Take the following situation: we agree with what our leaders are doing, but for very different reasons from their reasons. What are we to do?

A moralist says: “Saddam Hussein is an evil man and his rule over Iraq is harmful to Iraqis. It is a good thing to get rid of Saddam Hussein. Getting rid of Hussein is a positive end, which justifies war as the only means through which to achieve it. I support this war, because the ends justify the means. I understand that the Bush administration is not going after Saddam Hussein for that reason, and indeed, I feel that Bush’s reasons for going after Hussein are very immoral, ugly reasons, and that the administration’s larger goals for American foreign policy are ones that I wholeheartedly reject. Nonetheless, I support this war.”

We have here a variation on the old “ends justifies the means” question. The variation is this.

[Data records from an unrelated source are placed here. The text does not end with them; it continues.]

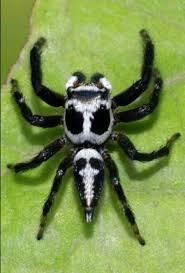 Black And White Biting Insect Uk Jumping Spider Male Black White On Leaf Arachnids Spiders Spider Jumping Spider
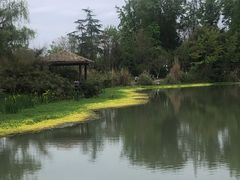 -桤木河湿地公园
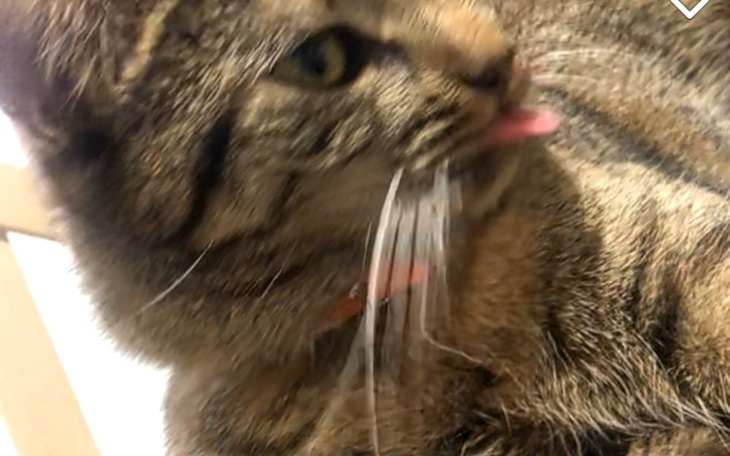 Zbiórka Uratuj ze mną kotki - zdjęcie główne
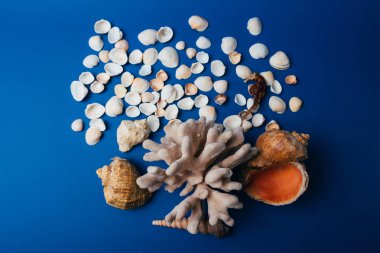 deniz kabuklarını, deniz atı, mercan üzerinde mavi bir arka plan flatplay. değil canlı, kurutulmuş deniz atı mercan ve deniz hayvanı kabuğu yanında duruyor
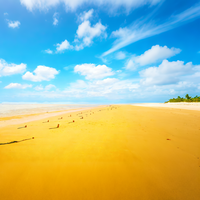 落花流水也头像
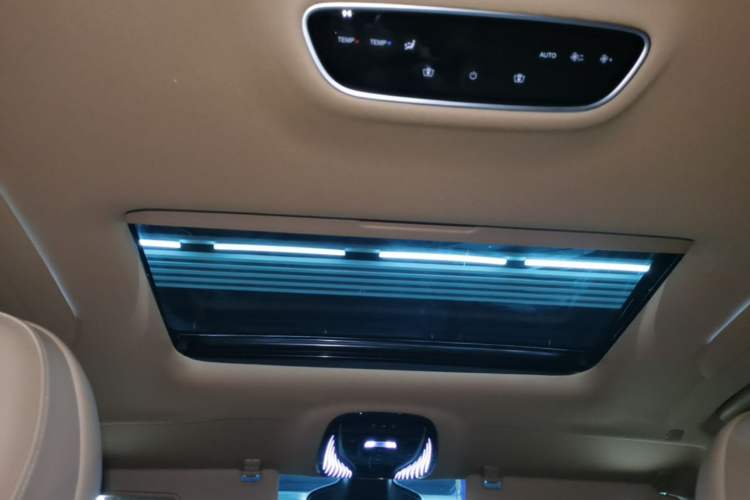 Used VOYAH Dream 2022 Low-Carbon Edition Dream+ Smart Enjoyment Package Headliner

What happens when “the ends justify the means” is used in a situation in which the person doing the moral deliberation is not the actor, and in fact violently disagrees with the goals and ideals of the person who is the actor? My argument is that the result is is a very dangerous way of reasoning. It is misleading and potentially very harmful.

Let us call give our moralist a name. He is called “Liberal Hawk.” (Think “Dances with Wolves.”) Liberal Hawk may disagree with Bush on just about everything else, but he agrees with him that the war is a good idea.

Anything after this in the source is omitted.